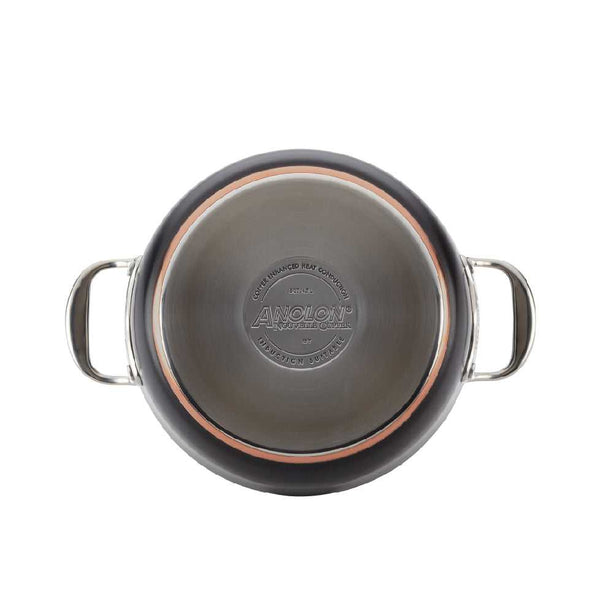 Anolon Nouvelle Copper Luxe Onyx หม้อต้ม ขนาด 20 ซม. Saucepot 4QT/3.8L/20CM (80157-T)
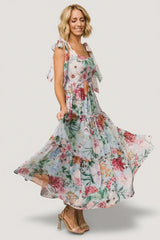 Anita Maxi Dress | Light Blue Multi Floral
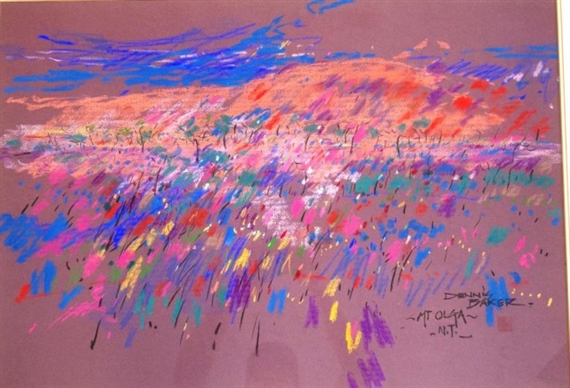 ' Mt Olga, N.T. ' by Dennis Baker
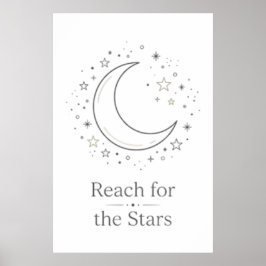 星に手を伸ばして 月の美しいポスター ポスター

» **WHAT IS NEEDED**:
Begin at the line containing "Anita Maxi Dress | Light Blue Multi Floral" and write out every line to the end of the data exactly. Skip the pictures.

» **WRITTEN RESPONSE**:
 Anita Maxi Dress | Light Blue Multi Floral
 ' Mt Olga, N.T. ' by Dennis Baker
 星に手を伸ばして 月の美しいポスター ポスター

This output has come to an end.